**What is needed:**
Repeat each entry exactly. Drop every image.

>>>

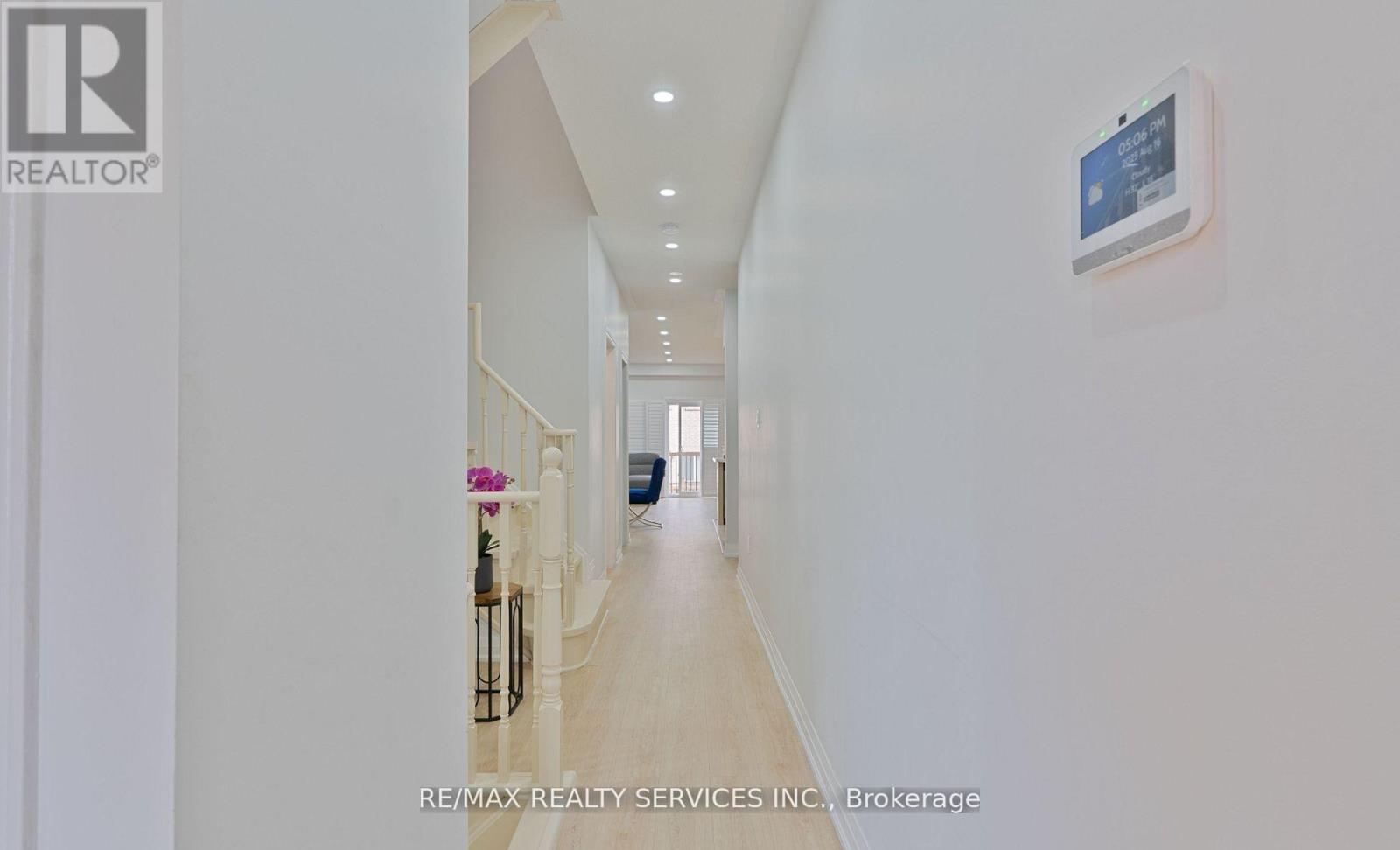 107 Frenchpark Circle, Brampton (Credit Valley), Ontario  L6X 0Y5 - Photo 7 - W12769720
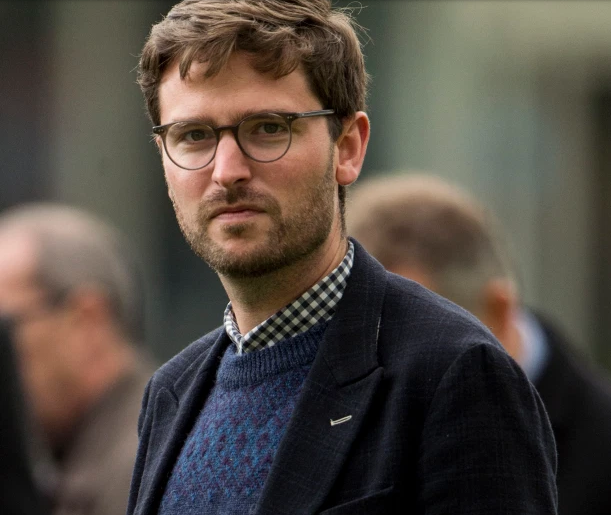 Người tố Công nương Anh Meghan Markle bắt nạt nhân viên là ai? - Hình 5 Nguoi to Cong nuong Anh Meghan Markle bat nat nhan vien la ai?-Hinh-5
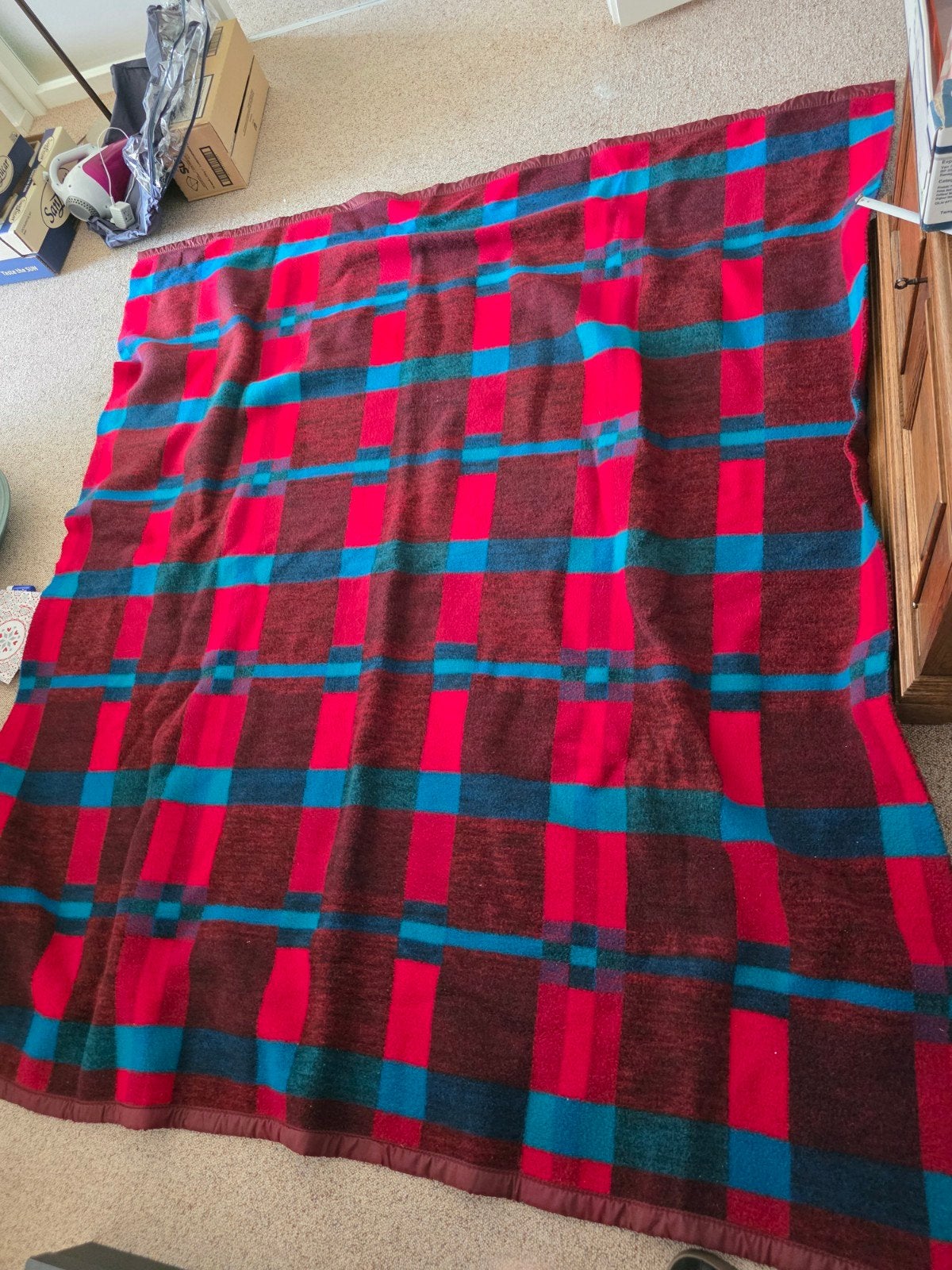 Geruite dralon deken rood/blauw - Zo goed als nieuw, Huis en Inrichting, 100 tot 150 cm, Blauw, Ophalen of Verzenden, Zo goed als nieuw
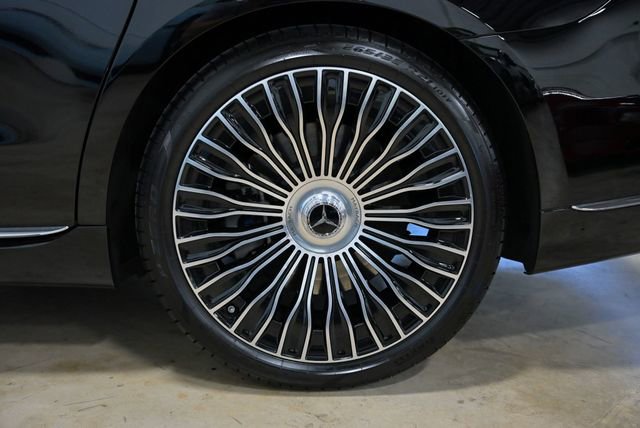 Used 2024 Mercedes-Benz Maybach S 680 Maybach S 680 4MATIC Sedan image 8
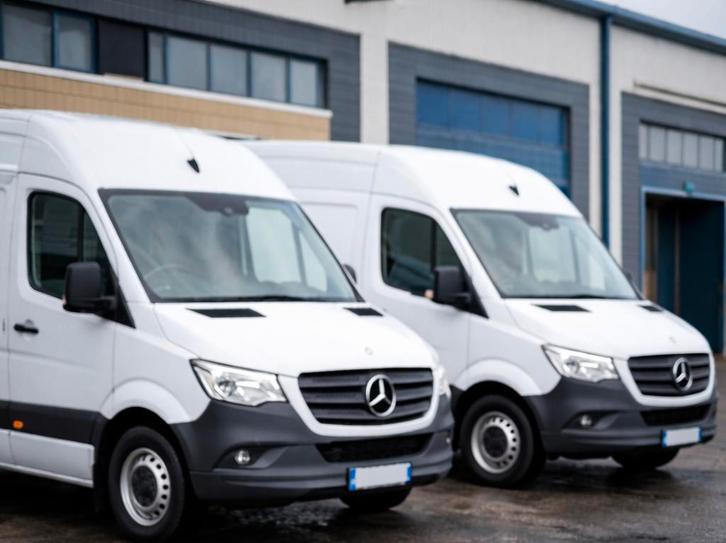 Vervoersvergunning - 0466360575, Offres d'emploi, Emplois | Logistique, Achats & Transport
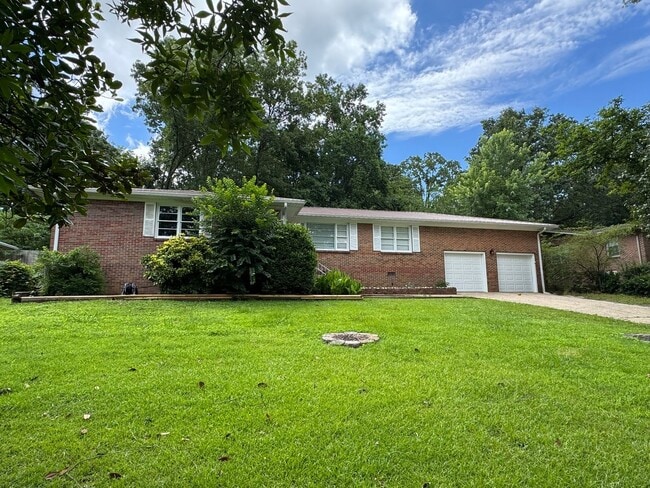 property at 1315 Monte Vista Dr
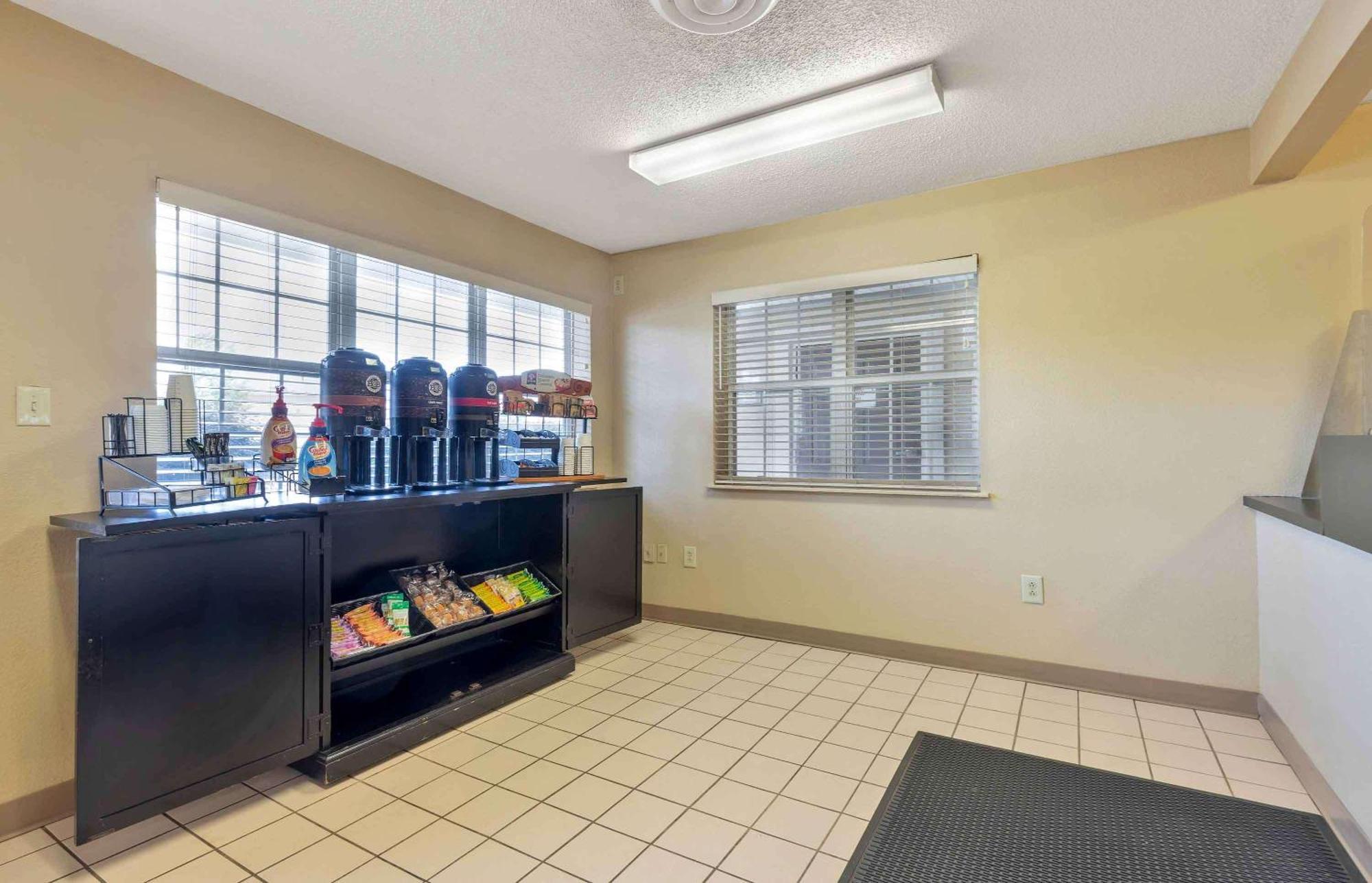 Extended Stay America Select Suites - Columbia - Ft Jackson Ngoại thất bức ảnh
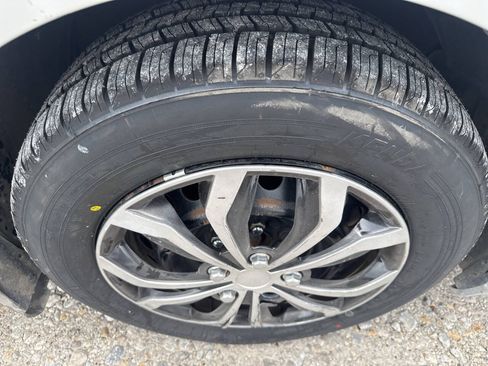 Used 2012 Toyota Camry LE FWD image 26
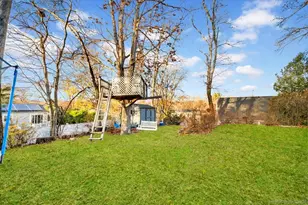 375 Silver St, Bridgeport, CT 06610 - Photo 8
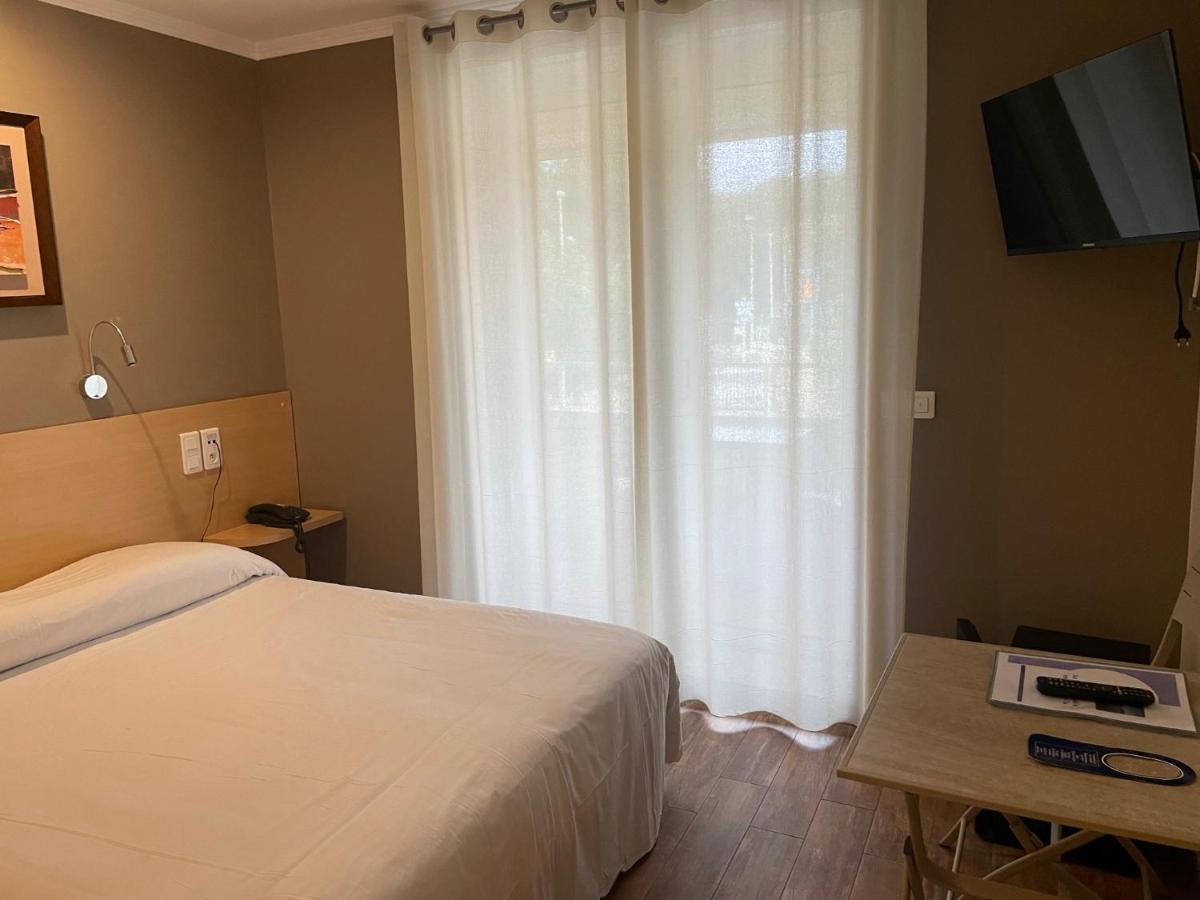 Au Tapis De Sable Hotel Saint-Cyr-sur-Mer Kültér fotó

<<<

**Response:**
 107 Frenchpark Circle, Brampton (Credit Valley), Ontario  L6X 0Y5 - Photo 7 - W12769720
 Người tố Công nương Anh Meghan Markle bắt nạt nhân viên là ai? - Hình 5 Nguoi to Cong nuong Anh Meghan Markle bat nat nhan vien la ai?-Hinh-5
 Geruite dralon deken rood/blauw - Zo goed als nieuw, Huis en Inrichting, 100 tot 150 cm, Blauw, Ophalen of Verzenden, Zo goed als nieuw
 Used 2024 Mercedes-Benz Maybach S 680 Maybach S 680 4MATIC Sedan image 8
 Vervoersvergunning - 0466360575, Offres d'emploi, Emplois | Logistique, Achats & Transport
 property at 1315 Monte Vista Dr
 Extended Stay America Select Suites - Columbia - Ft Jackson Ngoại thất bức ảnh
 Used 2012 Toyota Camry LE FWD image 26
 375 Silver St, Bridgeport, CT 06610 - Photo 8
 Au Tapis De Sable Hotel Saint-Cyr-sur-Mer Kültér fotó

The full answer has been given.